The Ninth Circuit tackles a question of appellate jurisdiction in Gupta v. Thai Airways International, case no. 04-56389 (May 30, 2007).  The riddle — which the majority overlooks until it responds to the dissent — arises from the intersection of res judicata and the “collateral order” exception to the final judgment rule.

Thai Airways contended in its motion to dismiss for lack of subject matter jurisdiction in the district court that it was immune from suit under the Foreign Sovereign Immunities Act (the airline is 76% owned by the Thai government) .  The airline contended that an identical state court action brought by Gupta was res judicata on this issue because it was dismissed for lack of subject matter jurisdiction on FSIA immunity grounds.  It also argued the merits of FSIA immunity independently of its res judicata argument.  The district court rejected both arguments, finding that the prior ruling was not res judicata because it did not go to the merits of the dispute and that an exception to the FSIA applied.

On appeal, however, the airline did not assert the district court erred in its determination that an exception to the FSIA applied.  It relied exclusively on its res judicata argument. 

This turns out to be what splits the dissent from the majority on appeal.

The Ninth Circuit (and its sister circuits) have long recognized the appealability of an order denying a motion to dismiss based on FSIA immunity.  The majority classifies this as such an appeal, and thus asserts jurisdiction under this well-established exception to the final judgment rule.

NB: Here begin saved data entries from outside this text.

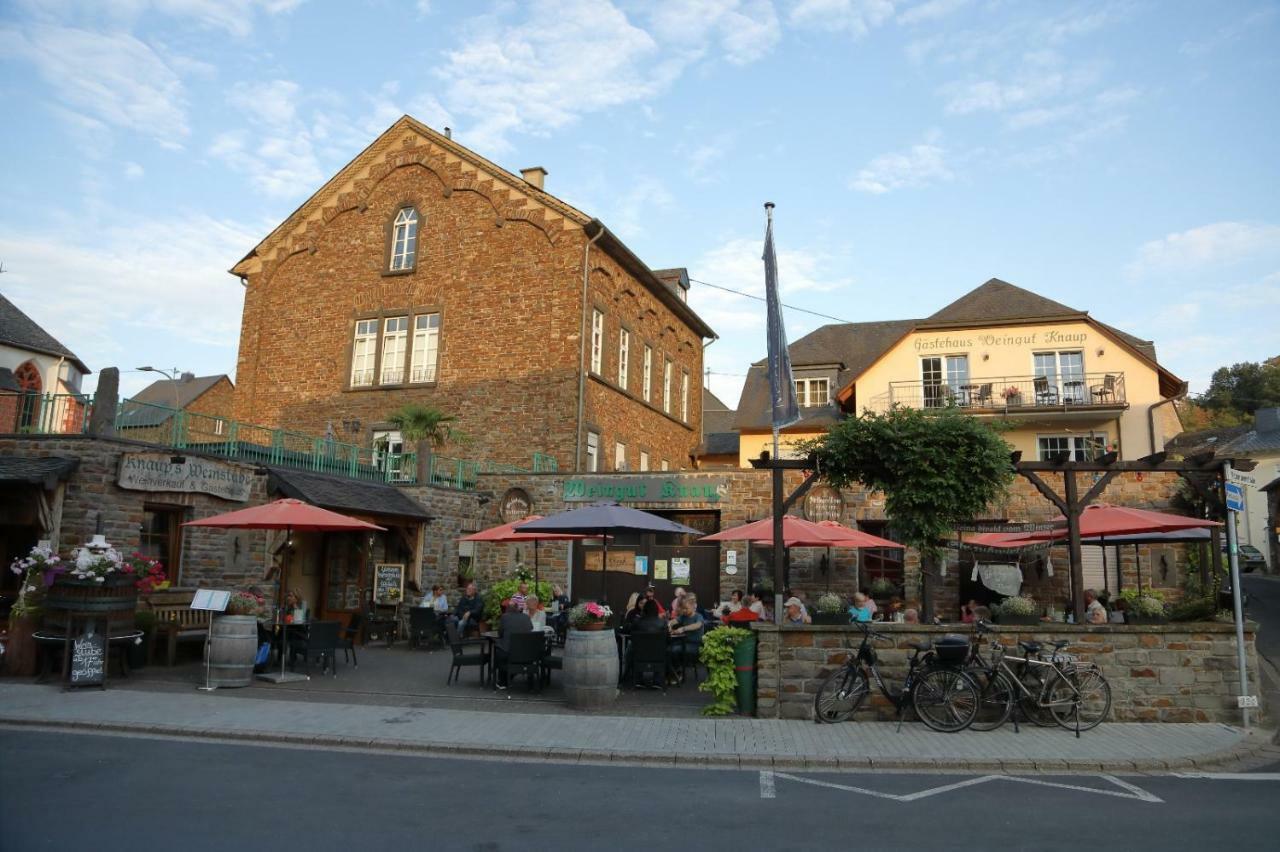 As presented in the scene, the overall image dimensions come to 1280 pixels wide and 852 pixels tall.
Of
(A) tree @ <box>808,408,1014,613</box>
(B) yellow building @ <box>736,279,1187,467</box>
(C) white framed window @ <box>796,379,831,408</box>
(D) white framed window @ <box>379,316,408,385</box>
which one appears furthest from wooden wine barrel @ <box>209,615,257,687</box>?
(C) white framed window @ <box>796,379,831,408</box>

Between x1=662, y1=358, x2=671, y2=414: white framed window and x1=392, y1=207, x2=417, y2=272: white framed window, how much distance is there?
31.9 ft

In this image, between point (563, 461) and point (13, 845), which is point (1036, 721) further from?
point (563, 461)

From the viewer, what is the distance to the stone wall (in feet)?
32.3

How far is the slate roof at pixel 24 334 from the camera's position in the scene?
34.4 meters

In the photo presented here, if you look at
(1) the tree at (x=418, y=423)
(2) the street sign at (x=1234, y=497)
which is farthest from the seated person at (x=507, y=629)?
(1) the tree at (x=418, y=423)

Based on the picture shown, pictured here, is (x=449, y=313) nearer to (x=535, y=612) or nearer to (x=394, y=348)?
(x=394, y=348)

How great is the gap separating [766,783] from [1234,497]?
21.6ft

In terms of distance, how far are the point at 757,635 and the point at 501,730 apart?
296cm

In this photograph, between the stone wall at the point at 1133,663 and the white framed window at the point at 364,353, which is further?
the white framed window at the point at 364,353

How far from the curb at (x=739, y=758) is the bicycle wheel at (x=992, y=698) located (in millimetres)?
1355

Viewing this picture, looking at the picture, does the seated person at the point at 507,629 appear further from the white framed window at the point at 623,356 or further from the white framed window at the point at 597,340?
the white framed window at the point at 623,356

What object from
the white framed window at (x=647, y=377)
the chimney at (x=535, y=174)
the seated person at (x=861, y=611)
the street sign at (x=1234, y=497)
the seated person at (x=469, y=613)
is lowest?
the seated person at (x=469, y=613)

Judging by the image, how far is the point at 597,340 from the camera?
26.6m

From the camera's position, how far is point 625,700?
11180 mm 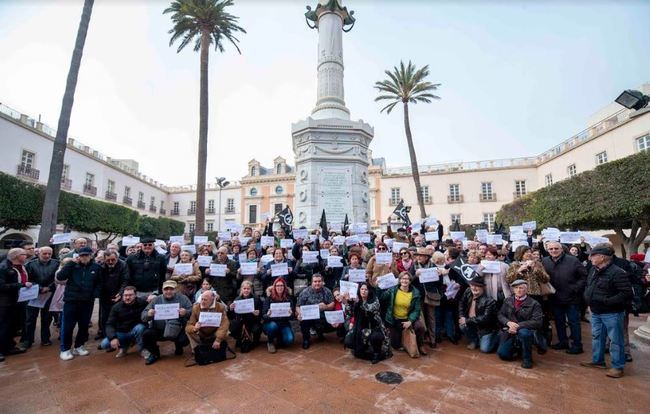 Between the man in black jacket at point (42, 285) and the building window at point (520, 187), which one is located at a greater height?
the building window at point (520, 187)

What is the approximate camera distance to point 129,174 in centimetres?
4225

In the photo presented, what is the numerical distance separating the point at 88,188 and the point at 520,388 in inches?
1656

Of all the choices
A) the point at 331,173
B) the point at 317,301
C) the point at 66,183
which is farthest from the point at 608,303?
the point at 66,183

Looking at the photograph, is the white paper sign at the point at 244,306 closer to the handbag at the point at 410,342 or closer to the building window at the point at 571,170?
the handbag at the point at 410,342

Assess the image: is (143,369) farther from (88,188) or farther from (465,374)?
(88,188)

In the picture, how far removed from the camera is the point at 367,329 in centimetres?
507

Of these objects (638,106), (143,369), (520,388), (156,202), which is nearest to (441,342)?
(520,388)

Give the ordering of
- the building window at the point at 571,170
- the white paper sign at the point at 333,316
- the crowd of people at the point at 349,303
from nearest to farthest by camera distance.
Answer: the crowd of people at the point at 349,303, the white paper sign at the point at 333,316, the building window at the point at 571,170

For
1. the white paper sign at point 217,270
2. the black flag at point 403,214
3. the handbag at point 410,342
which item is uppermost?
the black flag at point 403,214

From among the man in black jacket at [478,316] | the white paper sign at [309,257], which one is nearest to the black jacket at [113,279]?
the white paper sign at [309,257]

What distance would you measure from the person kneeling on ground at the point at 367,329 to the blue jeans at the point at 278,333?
105 centimetres

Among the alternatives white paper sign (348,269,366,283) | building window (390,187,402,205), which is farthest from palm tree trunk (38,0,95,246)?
building window (390,187,402,205)

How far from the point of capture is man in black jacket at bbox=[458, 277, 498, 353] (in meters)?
5.29

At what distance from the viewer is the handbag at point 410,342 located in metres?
5.04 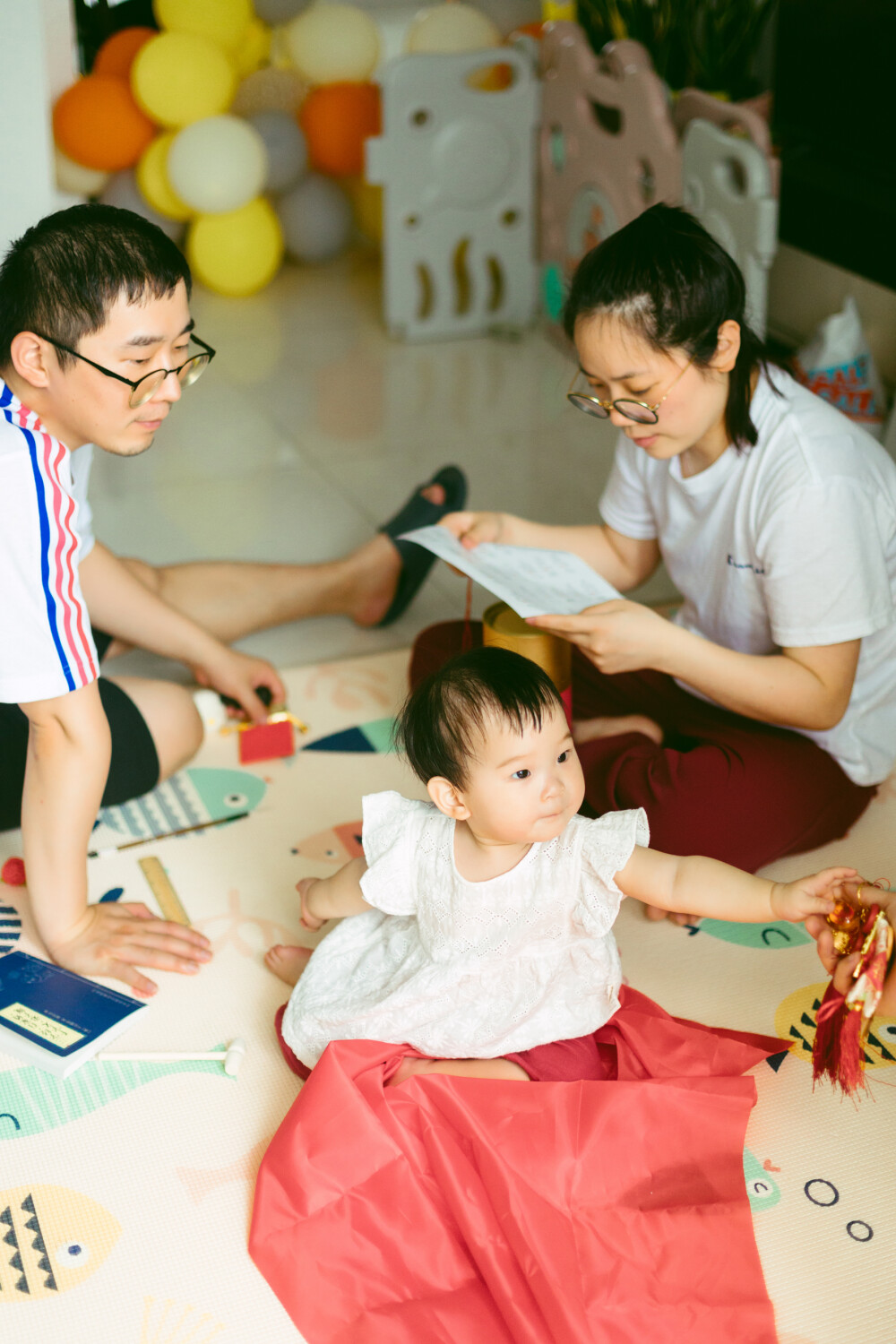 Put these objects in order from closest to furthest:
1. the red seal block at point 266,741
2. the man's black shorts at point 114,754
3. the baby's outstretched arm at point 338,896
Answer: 1. the baby's outstretched arm at point 338,896
2. the man's black shorts at point 114,754
3. the red seal block at point 266,741

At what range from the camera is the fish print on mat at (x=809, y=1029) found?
47.9 inches

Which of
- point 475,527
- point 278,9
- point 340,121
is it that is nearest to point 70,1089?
point 475,527

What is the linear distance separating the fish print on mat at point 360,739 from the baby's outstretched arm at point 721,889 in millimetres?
642

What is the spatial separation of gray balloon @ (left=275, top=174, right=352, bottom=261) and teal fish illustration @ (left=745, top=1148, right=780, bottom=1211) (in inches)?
118

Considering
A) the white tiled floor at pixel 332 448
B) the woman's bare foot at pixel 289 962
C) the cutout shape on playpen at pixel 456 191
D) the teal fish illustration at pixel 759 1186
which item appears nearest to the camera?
the teal fish illustration at pixel 759 1186

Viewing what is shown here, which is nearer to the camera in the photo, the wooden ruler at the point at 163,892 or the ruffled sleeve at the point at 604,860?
the ruffled sleeve at the point at 604,860

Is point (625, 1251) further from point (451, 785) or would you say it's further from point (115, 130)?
point (115, 130)

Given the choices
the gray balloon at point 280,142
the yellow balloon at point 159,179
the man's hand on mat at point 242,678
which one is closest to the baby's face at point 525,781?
the man's hand on mat at point 242,678

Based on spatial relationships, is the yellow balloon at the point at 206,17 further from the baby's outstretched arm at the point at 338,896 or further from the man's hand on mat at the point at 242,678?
the baby's outstretched arm at the point at 338,896

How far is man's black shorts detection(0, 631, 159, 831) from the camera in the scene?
1.40 m

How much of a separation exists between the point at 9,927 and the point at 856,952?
849 mm

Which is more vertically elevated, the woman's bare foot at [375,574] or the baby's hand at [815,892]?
the baby's hand at [815,892]

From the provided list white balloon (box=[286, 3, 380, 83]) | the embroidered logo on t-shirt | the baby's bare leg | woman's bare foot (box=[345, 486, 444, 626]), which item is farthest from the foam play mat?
white balloon (box=[286, 3, 380, 83])

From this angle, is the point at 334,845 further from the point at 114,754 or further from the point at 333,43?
the point at 333,43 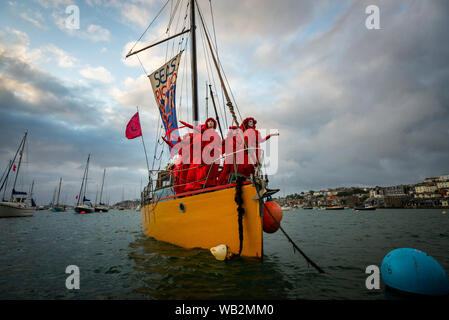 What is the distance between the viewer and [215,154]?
611cm

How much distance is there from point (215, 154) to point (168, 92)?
19.1ft

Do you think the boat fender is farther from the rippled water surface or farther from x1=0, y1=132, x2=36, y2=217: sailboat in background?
x1=0, y1=132, x2=36, y2=217: sailboat in background

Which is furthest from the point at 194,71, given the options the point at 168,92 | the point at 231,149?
the point at 231,149

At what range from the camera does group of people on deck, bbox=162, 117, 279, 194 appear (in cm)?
574

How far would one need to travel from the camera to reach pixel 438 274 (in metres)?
3.00

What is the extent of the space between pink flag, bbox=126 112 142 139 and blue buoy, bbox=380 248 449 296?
10262 millimetres

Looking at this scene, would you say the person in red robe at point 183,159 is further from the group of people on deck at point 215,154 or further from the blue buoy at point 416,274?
the blue buoy at point 416,274

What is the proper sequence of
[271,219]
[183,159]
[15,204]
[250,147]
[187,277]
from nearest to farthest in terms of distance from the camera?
1. [187,277]
2. [271,219]
3. [250,147]
4. [183,159]
5. [15,204]

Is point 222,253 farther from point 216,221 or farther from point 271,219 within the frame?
point 271,219

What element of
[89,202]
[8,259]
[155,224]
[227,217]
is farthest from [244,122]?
[89,202]

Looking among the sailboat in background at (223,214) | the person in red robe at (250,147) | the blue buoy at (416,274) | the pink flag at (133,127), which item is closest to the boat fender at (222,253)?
the sailboat in background at (223,214)

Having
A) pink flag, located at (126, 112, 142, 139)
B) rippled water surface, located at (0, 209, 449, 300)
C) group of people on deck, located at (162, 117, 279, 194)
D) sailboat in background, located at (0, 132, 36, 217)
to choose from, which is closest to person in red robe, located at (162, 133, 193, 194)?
group of people on deck, located at (162, 117, 279, 194)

The issue becomes thornier when you read the dissent, in which Judge Tashima argues that the court must examine “each claim or issue presented separately to determine their jurisdiction on interlocutory appeal.”  Conceding that he would find jurisdiction over the issue of whether the district court erred in finding that the FSIA exception applied, Judge Tashima contends that the res judicata issue is sufficiently distinct to take it outside the rule allowing review of orders denying FSIA immunity:

While it is true that our case law permits an immediate interlocutory appeal from an order denying a motion to dismiss based on foreign sovereign immunity, it is equally well-settled that the denial of a motion to dismiss based on res judicata grounds is not immediately appealable.


Although the cases discussing the collateral order doctrine sometimes loosely refer to interlocutory orders as being appealable, in fact, the cases actually analyze the specific claim or issue presented in determining the scope of their jurisdiction on an interlocutory appeal. And each claim presented must independently meet the requirements of the collateral order doctrine in order for it to be considered on interlocutory appeal. Appellate jurisdiction over one claim rejected in a district court order does not confer jurisdiction over all other claims rejected in the same order.(Citations omitted, emphasis in original.)

It seems clear that had the airline appealed on both grounds, Judge Tashima would assert jurisdiction over the merits of the FSIA immunity claim but not over the res judicata argument for the same claim of immunity. 

This is too much hair-splitting for the majority, which responds in a footnote to its statement that “It is from this order that Thai Airways is appealing.”  (Emphasis in original.) The majority contends that the dissent relies on a false premise that the FSIA immunity issue and res judicata issues are distinct.  It says that since the res judicata issue involves and is based solely on FSIA immunity, and is indeed determinative on the issue, the appeal falls within the rule of appealability under the collateral order doctrine for orders denying FSIA immunity.

Whatever the asserted ground of error, the majority has a point that in the end, the order appealed from determined that there was no FSIA immunity.  And that is all they needed to bring it within the well-established exception to the final judgment rule.